**Supplied material**
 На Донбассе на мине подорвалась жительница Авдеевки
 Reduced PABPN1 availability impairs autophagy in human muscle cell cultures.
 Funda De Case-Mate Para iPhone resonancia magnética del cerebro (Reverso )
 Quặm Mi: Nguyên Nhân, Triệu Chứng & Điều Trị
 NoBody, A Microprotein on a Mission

**Requirement**
Each entry above needs to be output exactly.

**Your response**
 На Донбассе на мине подорвалась жительница Авдеевки
 Reduced PABPN1 availability impairs autophagy in human muscle cell cultures.
 Funda De Case-Mate Para iPhone resonancia magnética del cerebro (Reverso )
 Quặm Mi: Nguyên Nhân, Triệu Chứng & Điều Trị
 NoBody, A Microprotein on a Mission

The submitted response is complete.